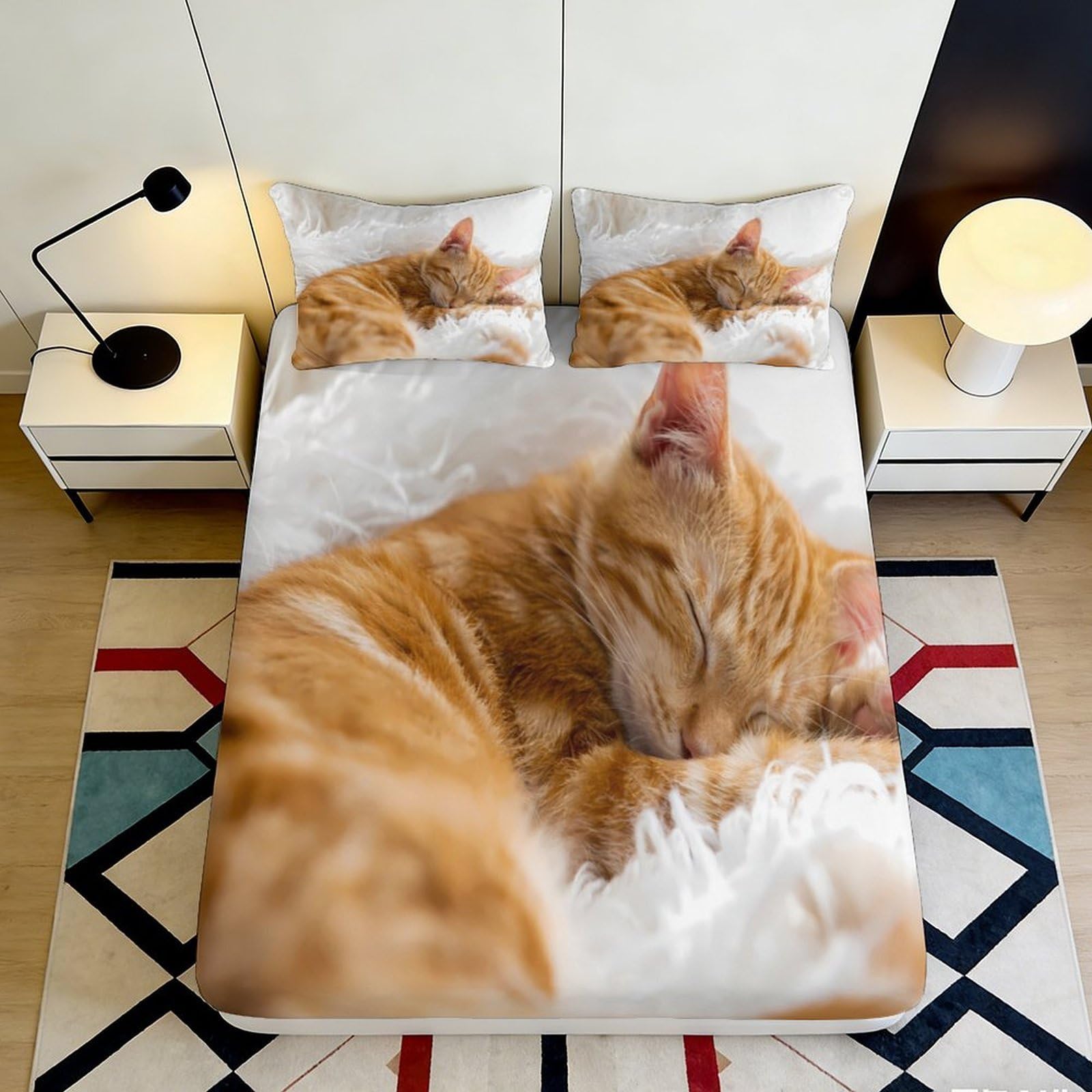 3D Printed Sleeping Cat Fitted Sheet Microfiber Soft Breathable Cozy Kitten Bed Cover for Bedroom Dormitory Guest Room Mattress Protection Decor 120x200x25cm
--
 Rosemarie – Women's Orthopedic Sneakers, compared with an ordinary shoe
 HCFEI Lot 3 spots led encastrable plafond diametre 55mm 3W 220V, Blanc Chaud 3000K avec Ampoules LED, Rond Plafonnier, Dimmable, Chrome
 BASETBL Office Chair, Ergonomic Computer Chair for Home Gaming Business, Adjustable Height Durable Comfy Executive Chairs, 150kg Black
* * *
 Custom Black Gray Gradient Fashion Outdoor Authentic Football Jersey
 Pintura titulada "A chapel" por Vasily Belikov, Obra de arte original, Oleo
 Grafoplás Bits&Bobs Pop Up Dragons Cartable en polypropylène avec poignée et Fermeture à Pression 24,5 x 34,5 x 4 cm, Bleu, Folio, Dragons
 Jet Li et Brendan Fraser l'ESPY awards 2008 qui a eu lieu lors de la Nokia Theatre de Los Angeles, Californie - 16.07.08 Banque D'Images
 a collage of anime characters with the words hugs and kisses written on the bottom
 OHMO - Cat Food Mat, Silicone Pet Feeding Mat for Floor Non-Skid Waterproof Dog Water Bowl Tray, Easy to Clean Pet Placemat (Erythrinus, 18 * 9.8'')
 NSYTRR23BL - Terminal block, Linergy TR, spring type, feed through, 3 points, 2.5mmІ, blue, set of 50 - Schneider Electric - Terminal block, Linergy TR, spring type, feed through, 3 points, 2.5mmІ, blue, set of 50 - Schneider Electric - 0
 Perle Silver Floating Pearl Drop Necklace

*WHAT YOU HAVE TO DO*
Filter the entries above and return only the lines holding "avec".

*OUTPUT FOR THIS TASK*
 HCFEI Lot 3 spots led encastrable plafond diametre 55mm 3W 220V, Blanc Chaud 3000K avec Ampoules LED, Rond Plafonnier, Dimmable, Chrome
 Grafoplás Bits&Bobs Pop Up Dragons Cartable en polypropylène avec poignée et Fermeture à Pression 24,5 x 34,5 x 4 cm, Bleu, Folio, Dragons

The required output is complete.